Nearly three years after it was put up for sale by its parent company, Simon & Schuster is back at square one—wondering who its new owner will be. That is the position the nation’s third-largest trade publisher finds itself in after Paramount Global chose not to extend the $2.175 billion sales agreement it had signed with Penguin Random House in November 2020, which was set to expire November 21.

The decision ended any chance PRH would have had to appeal federal judge Florence Pan’s October ruling blocking the deal on antitrust grounds. According to the sales agreement, PRH could only appeal with the agreement of Paramount; with the deal now dead, Paramount will receive a $200 million termination fee.

In a statement, PRH said it was confident it could have made “a compelling and persuasive argument to reverse the lower court ruling on appeal,” but that “we have to accept Paramount’s decision not to move forward.”

In a note to S&S employees, CEO Jonathan Karp wrote, “At this point I have no specific information to impart about what will happen in the coming months.”

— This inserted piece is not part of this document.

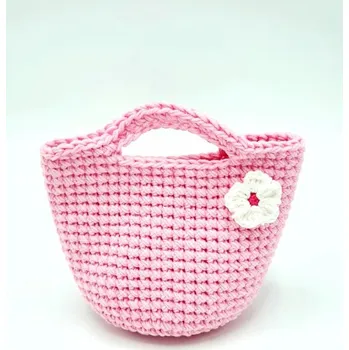 Mini kabelka pro malé slečny růžová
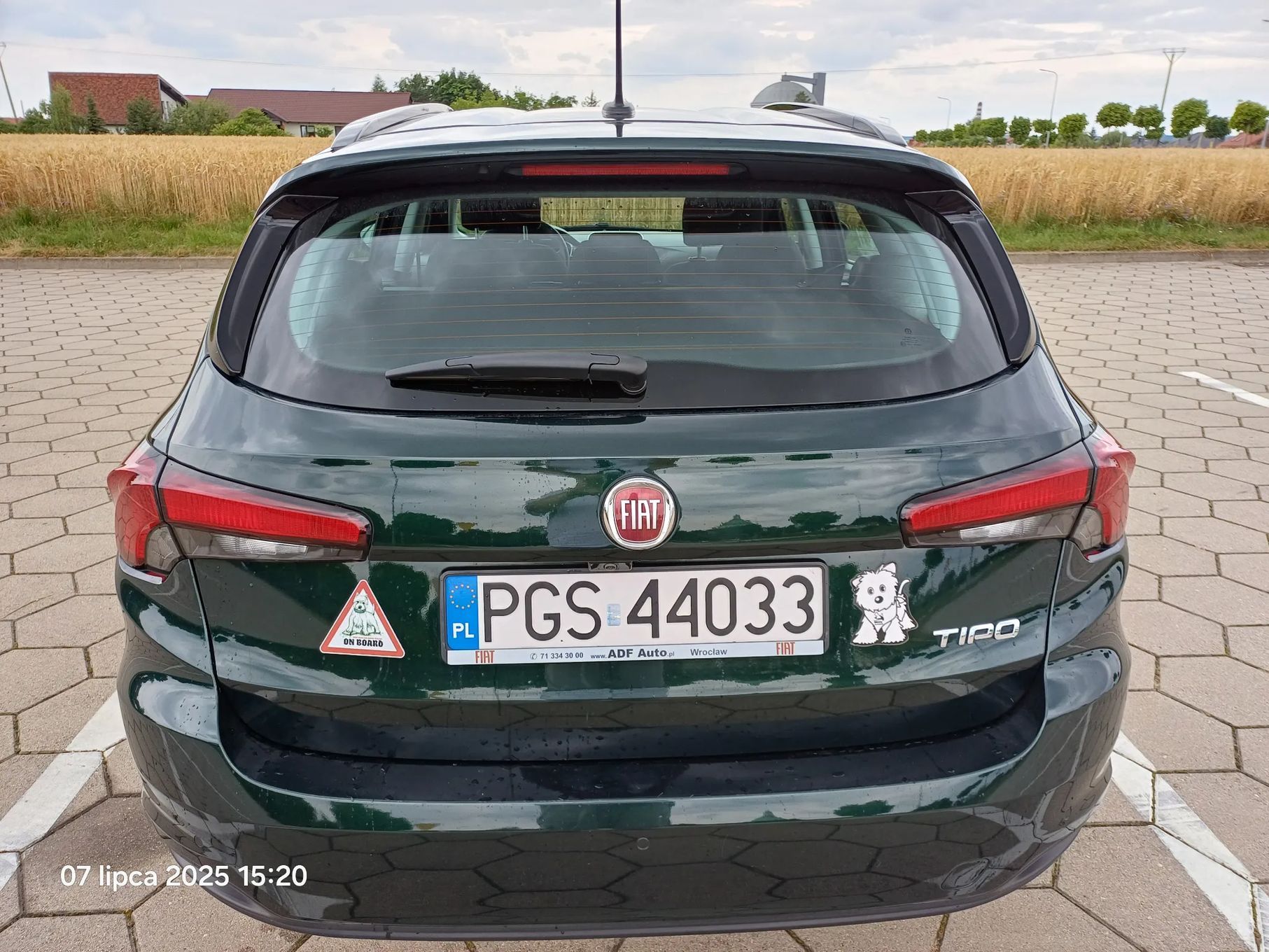 Fiat Tipo Fiat Tipo SW E6D Lounge 1.4 T-Jet 120 KM - pełny VAT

Paramount, which has made no secret of the fact that S&S doesn’t fit with its long-range plans, indicated it intends to try to sell the publisher again. In its 8-K filing with the SEC, it said S&S remains a “non-core asset,” and that while it is “a highly valuable business,” the publisher is “not video-based and therefore does not fit strategically within Paramount’s broader portfolio.”

The Authors Guild, which had steadfastly opposed the merger, welcomed the news and hoped that the decision would put an end to more consolidation in the industry—a point that CEO Mary Rasenberger emphasized in a statement. “We will oppose any mergers among the Big 5 in the future,” she wrote. “As the court’s analysis in the PRH lawsuit makes clear, the market for anticipated top-selling books is already highly concentrated, and five ‘big’ publishers is already too few.”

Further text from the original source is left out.